During any active exercise dogs can become over excitable; this includes jogging. Being able to get your dog to heel and stop on command will help keep everyone safe. Another important command is ‘leave it’ to avoid your dog becoming distracted by their surroundings. Your dog should also be comfortable and well behaved around other dogs and people. Not only is basic discipline important for safety but will also result in a better running experience.
Plot Your Route
Many joggers have set routes they like to take, while others like to keep their running path flexible depending on how they feel once they get going.
When jogging with a dog it’s recommend that you know the route is suitable. Avoiding busy junctions is an obvious one, but also be aware if the route takes you onto road at any point. This is more common in rural areas where routes are sometimes connected only by roads. Running even with disciplined dogs along a road when a car passes can spook dogs and make drivers uneasy, so this is are best avoided.
Consider first walking the dog along you planned route so they are used to all the smells and sights. Even when dogs know a route well they will sniff and pee to mark areas regularly. At the start of your run allow them to mark territory and sniff regularly then ease them off the further you get into your run.
Using the Right Equipment
When out running your dog’s lead will need to be long enough to provide enough slack for comfort and safety, but not too long where it’s a trip or tangle hazard. This why stretchable material leads are recommended. Elasticised ones like our Premium Dog Elastic Lead means the leash won’t get under your feet but provide enough slack. These leashes are also much better at absorbing sharp tugs from your dog safely.
Using a leash belt to free up your hands will make the jogging experience easier and more enjoyable for you and your dog.

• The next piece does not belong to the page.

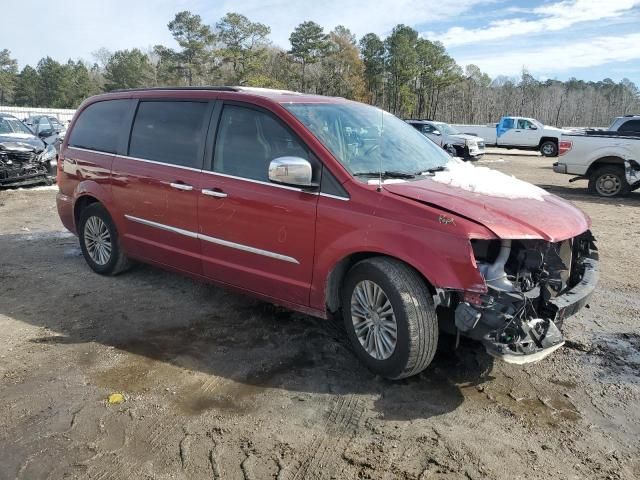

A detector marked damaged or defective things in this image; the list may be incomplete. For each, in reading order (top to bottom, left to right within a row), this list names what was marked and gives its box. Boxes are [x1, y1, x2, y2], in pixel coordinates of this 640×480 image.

crushed front end [0, 142, 55, 187]
crushed front end [452, 231, 596, 362]
damaged front bumper [456, 232, 596, 364]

It will allow you to run more naturally, reduce leash pulling, and keep your dog at a safe distance. Our Premium Jogging Belt has front padding for extra comfort and is fully adjustable to ensure that stays in a comfortable position.
If you and your furry running partner aren’t put off by the cold or rain then consider an all weather vest for your dog. The IDC® Dog Vest is made from waterproof neoprene material which also provides wind protection and thermal insulation to help keep your dog warm and dry.

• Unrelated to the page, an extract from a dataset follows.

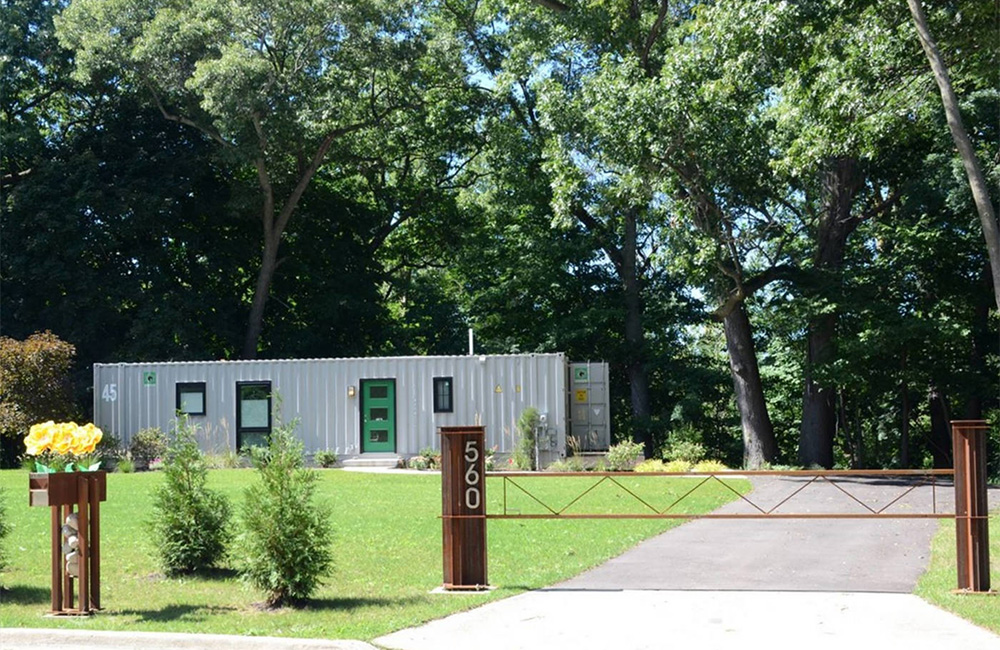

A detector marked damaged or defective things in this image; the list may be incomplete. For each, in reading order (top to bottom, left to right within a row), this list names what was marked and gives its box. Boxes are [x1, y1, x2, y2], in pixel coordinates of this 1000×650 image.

rusty metal gate [444, 420, 992, 592]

Although it’s not recommended to go jogging with a dog near busy roads, being seen at night is still important in quieter areas. It’s not only good practice to wear hi-vis gear when running after dark by yourself, but even when taking your dog for its regular walk.
Kitting your dog out with safety lights and reflective accessories like leashes, harnesses, or vests is an effective way of staying visible. We stock a range of official JULIUS-K9® high visibility dog accessories so you can be sure to find something suitable.
Any responsible owner knows to always carry doggy bags with them whenever they’re out - this is no different when jogging. You’re route might mean you won’t pass a bin any time soon so taking a portable dog poop dispenser with you will come in handy.
Don’t forget that your four-legged running partner will need a drink as well. Collapsible dog bowls make it easy to keep your dog hydrated when you take a breather.
Protection From Ticks & Parasites
Tick season in the UK starts in September and so if your running route takes you off into a more rural trail then you and your dog may be at risk of picking up ticks and other parasites. Making sure your pet is up to date with tick medication is always important but you can also use parasite repellents like spot-on treatments, flea collars, or even ultrasonic attachments to deter pests.